## Session details

• Date of session: 19 Oct, 2018
• Instructor: Luke W. Johnston
• Session level: Beginner
• Package to install:

install.packages("ggplot2")

### Objectives

1. To become aware of the powerful features of ggplot2.
2. To learn about some of the fundamentals of easily creating amazing graphics.
3. To know about some resources to continue learning.

At the end of this session, you will achieve this objective by creating a fairly simple, visually-appealing graph that shows:

• At least three data values, ie. “aesthetics” or aes(), such as what to put on the x-axis, the y-axis, and or using colour or size.
• At least two layers, ie “geometries” or geom_, such as points, lines, or boxplots.
• That has clearly labelled x and y axes, ie. labs().
• That has some changes to the look and feel of the plot, ie. theme(), so that it is publication ready.

For learning:

For help:

## Quickly get familiar with data to plot

For this session we will be using the CO2 dataset.
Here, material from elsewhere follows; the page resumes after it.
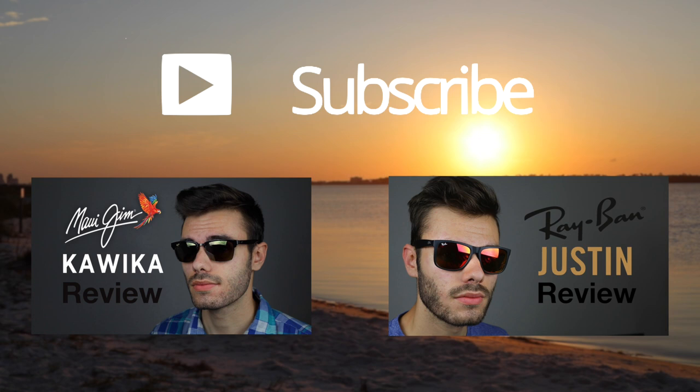Thank you all so much for watching this video. If you enjoyed it, definitely make sure to hit that like button down below and of course subscribe to this channel if you guys want to be notified when I release new videos. Again, thank you all for watching and I will catch you all in the next one.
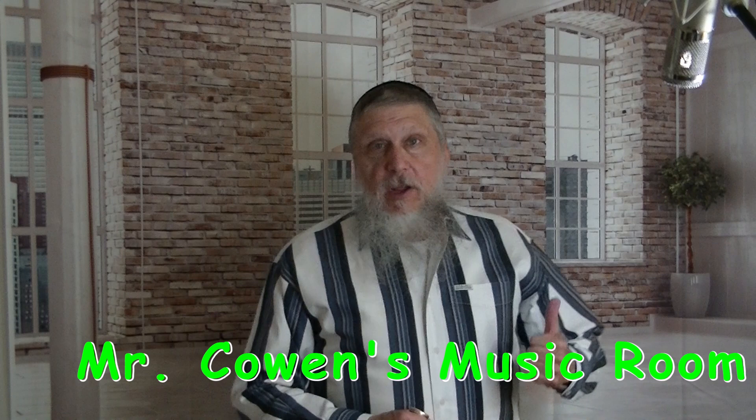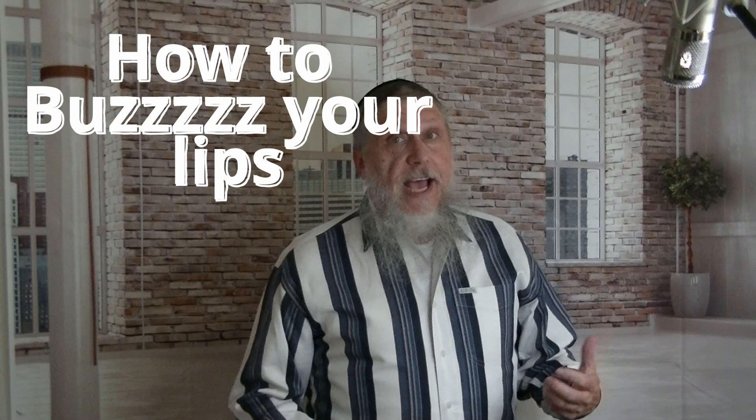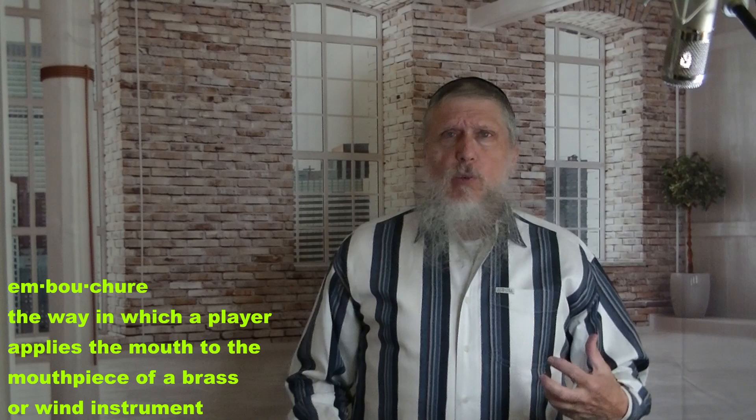Hi, I'm Mr. Cowan, and welcome to my music room. So far in lesson number one, we have learned how to put the trombone together. In number two, we have learned how to hold the trombone, and in this lesson, we are finally going to learn how to produce a sound into the trombone, and the way to do that is to learn how to develop our embouchure.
Here is some code to get a sense of the data.

# Variables
names(CO2)
#> [1] "Plant"     "Type"      "Treatment" "conc"      "uptake"

# General contents
str(CO2)
#> Classes 'nfnGroupedData', 'nfGroupedData', 'groupedData' and 'data.frame':   84 obs. of  5 variables:
#>  $Plant : Ord.factor w/ 12 levels "Qn1"<"Qn2"<"Qn3"<..: 1 1 1 1 1 1 1 2 2 2 ... #>$ Type     : Factor w/ 2 levels "Quebec","Mississippi": 1 1 1 1 1 1 1 1 1 1 ...
#>  $Treatment: Factor w/ 2 levels "nonchilled","chilled": 1 1 1 1 1 1 1 1 1 1 ... #>$ conc     : num  95 175 250 350 500 675 1000 95 175 250 ...
#>  $uptake : num 16 30.4 34.8 37.2 35.3 39.2 39.7 13.6 27.3 37.1 ... #> - attr(*, "formula")=Class 'formula' language uptake ~ conc | Plant #> .. ..- attr(*, ".Environment")=<environment: R_EmptyEnv> #> - attr(*, "outer")=Class 'formula' language ~Treatment * Type #> .. ..- attr(*, ".Environment")=<environment: R_EmptyEnv> #> - attr(*, "labels")=List of 2 #> ..$ x: chr "Ambient carbon dioxide concentration"
#>   ..$y: chr "CO2 uptake rate" #> - attr(*, "units")=List of 2 #> ..$ x: chr "(uL/L)"
#>   ..\$ y: chr "(umol/m^2 s)"

# Quick summary
summary(CO2)
#>      Plant             Type         Treatment       conc
#>  Qn1    : 7   Quebec     :42   nonchilled:42   Min.   :  95
#>  Qn2    : 7   Mississippi:42   chilled   :42   1st Qu.: 175
#>  Qn3    : 7                                    Median : 350
#>  Qc1    : 7                                    Mean   : 435
#>  Qc3    : 7                                    3rd Qu.: 675
#>  Qc2    : 7                                    Max.   :1000
#>  (Other):42
#>      uptake
#>  Min.   : 7.70
#>  1st Qu.:17.90
#>  Median :28.30
#>  Mean   :27.21
#>  3rd Qu.:37.12
#>  Max.   :45.50
#> 

### Exercise: Choose a dataset and check it out

There are several exercises in this session. Choose one of the below datasets and use that dataset for all later exercises.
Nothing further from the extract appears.